• _Prompt_
Transcribe, word for word, every line from the one containing "Light blue convertible" through the final line of the records, and omit the pictures.

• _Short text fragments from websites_
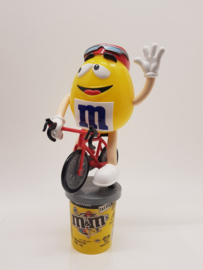 M&M dispencer male on the racing bike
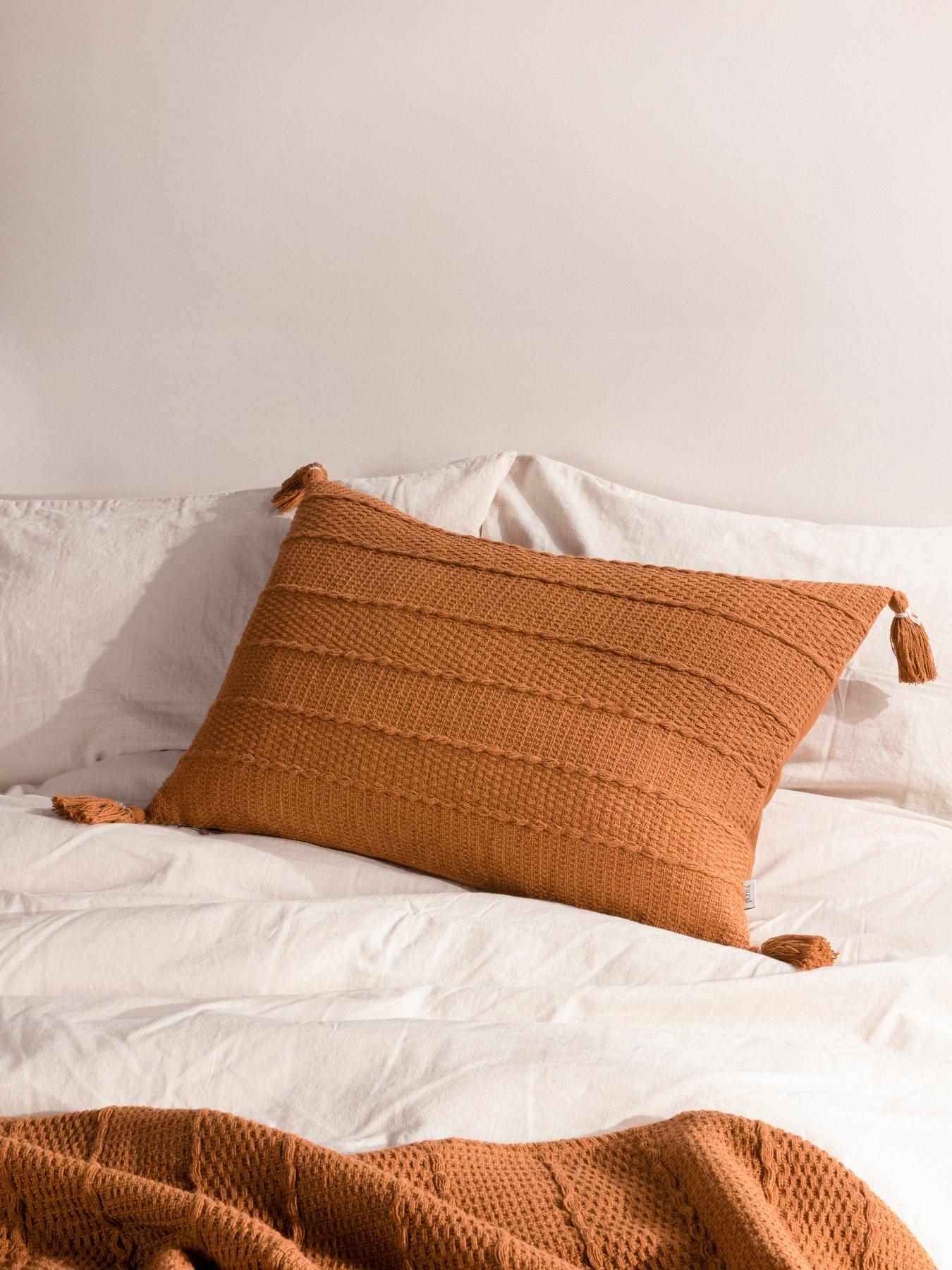 the-yard-caliche-cushion-gingerfront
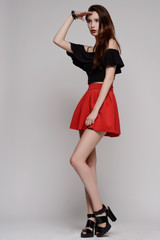 Fototapeta premium woman in red dress with long curly hair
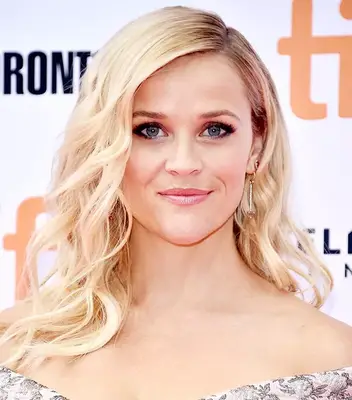 Close up of Reese Witherspoon with long, layered wavy hair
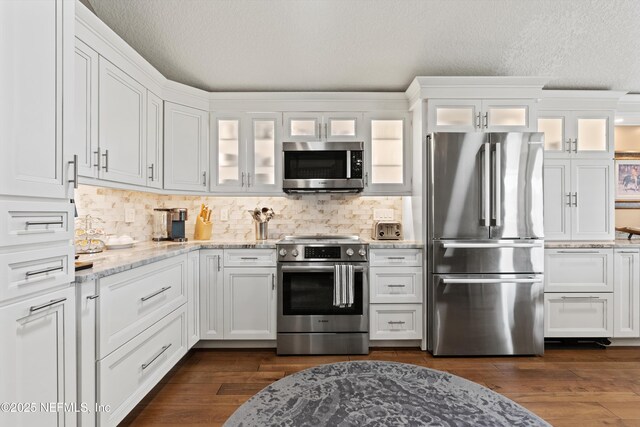 1576 Linkside Dr, Fleming Island, FL 32003 - kitchen with stainless steel appliances, white cabinets, light stone counters, decorative backsplash, and a textured ceiling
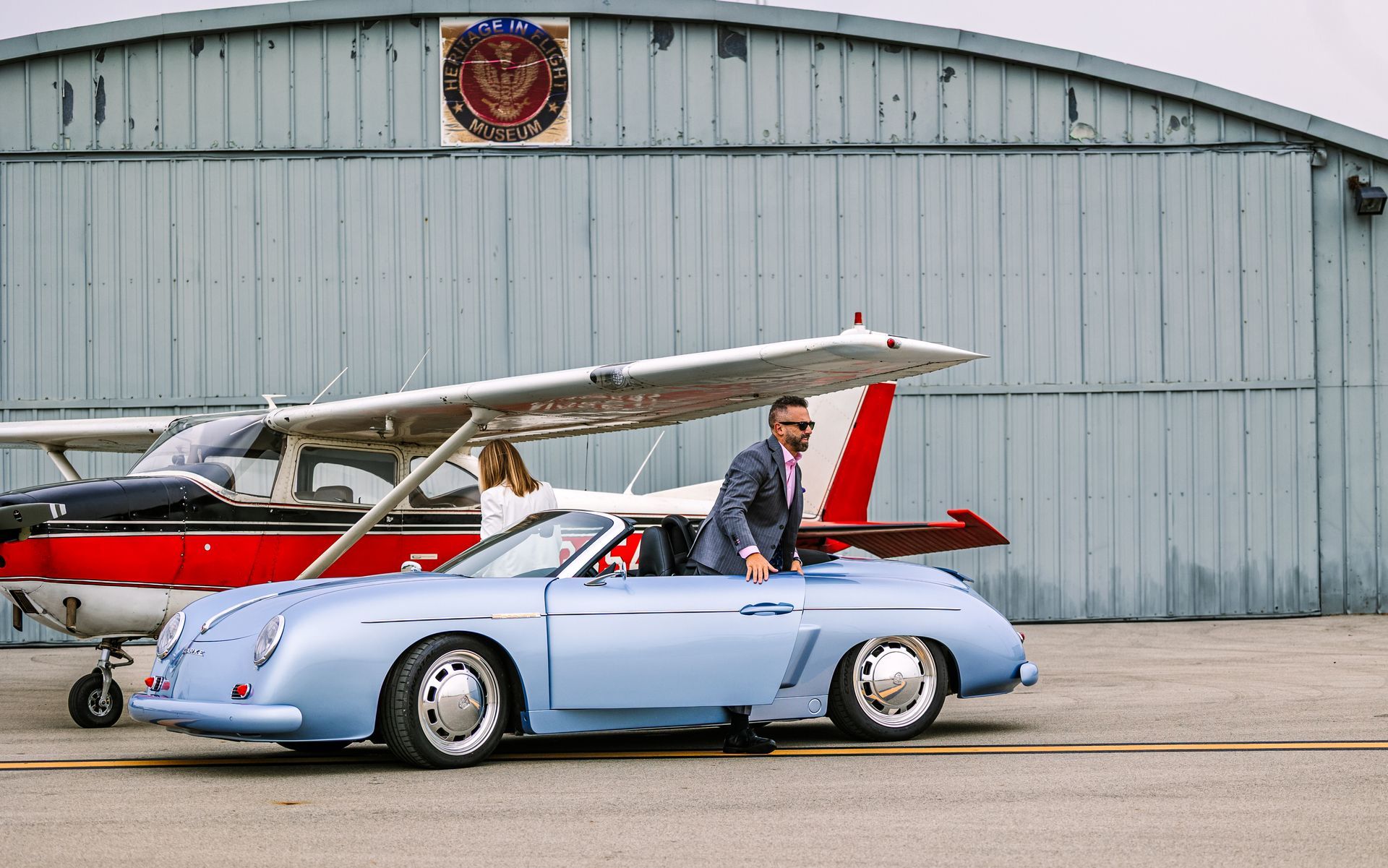 Light blue convertible beside a small red-and-white airplane outside a hangar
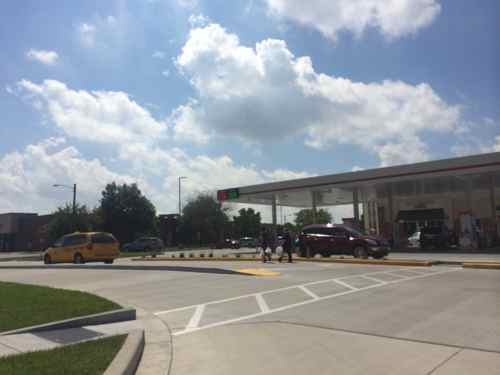 Two pedestrians ignore the circuitous route and walk directory to exit.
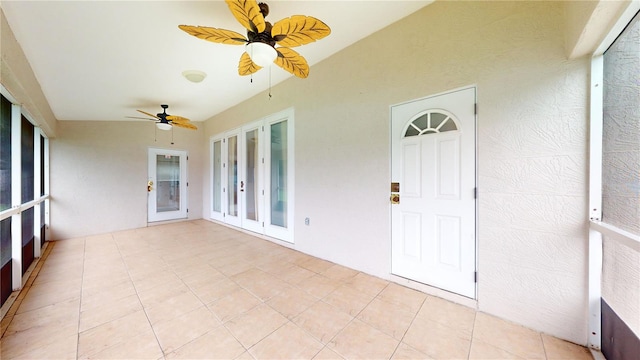 unfurnished sunroom with french doors and ceiling fan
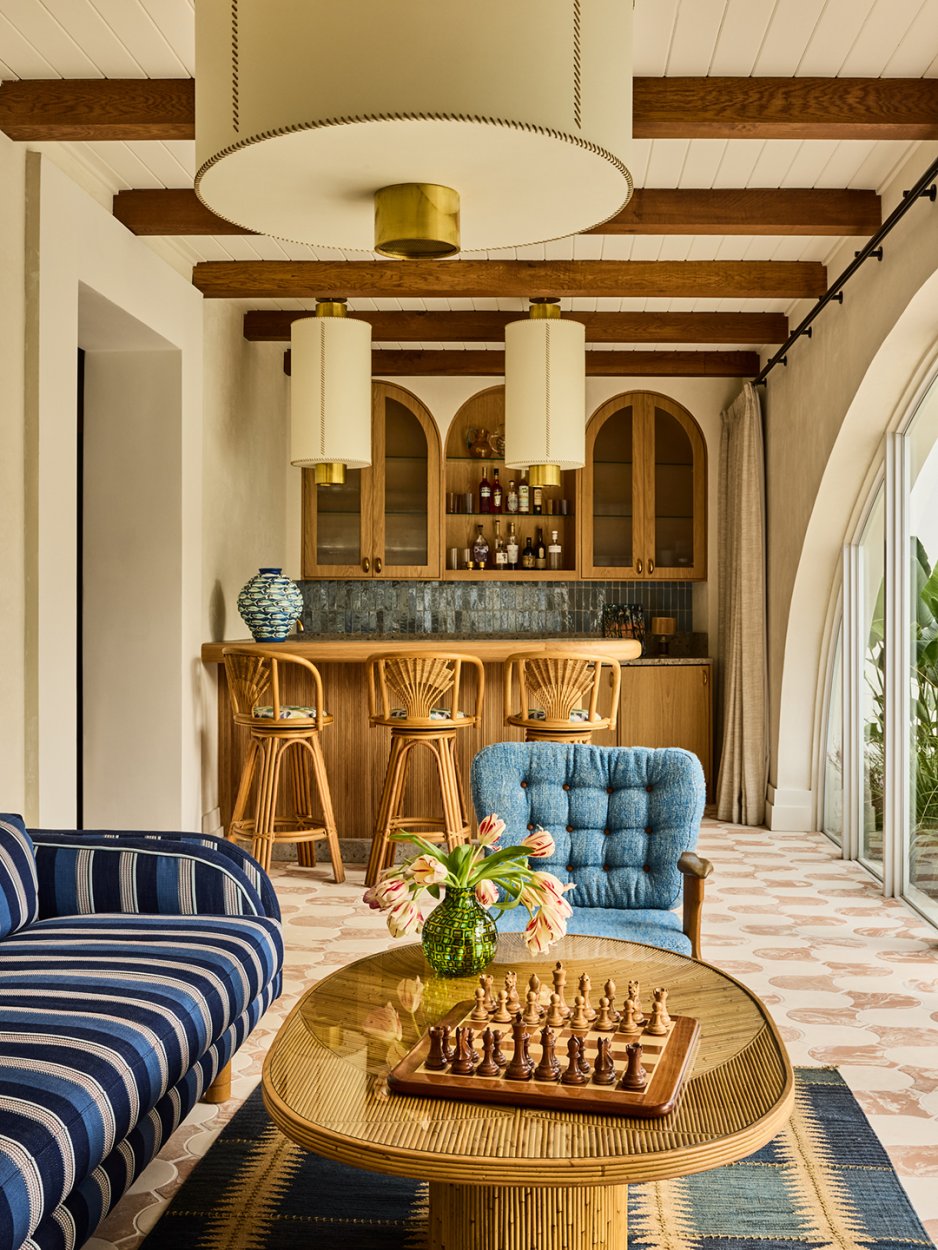 florida room with arched windows and blue accents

• _Task output_
 Light blue convertible beside a small red-and-white airplane outside a hangar
 Two pedestrians ignore the circuitous route and walk directory to exit.
 unfurnished sunroom with french doors and ceiling fan
 florida room with arched windows and blue accents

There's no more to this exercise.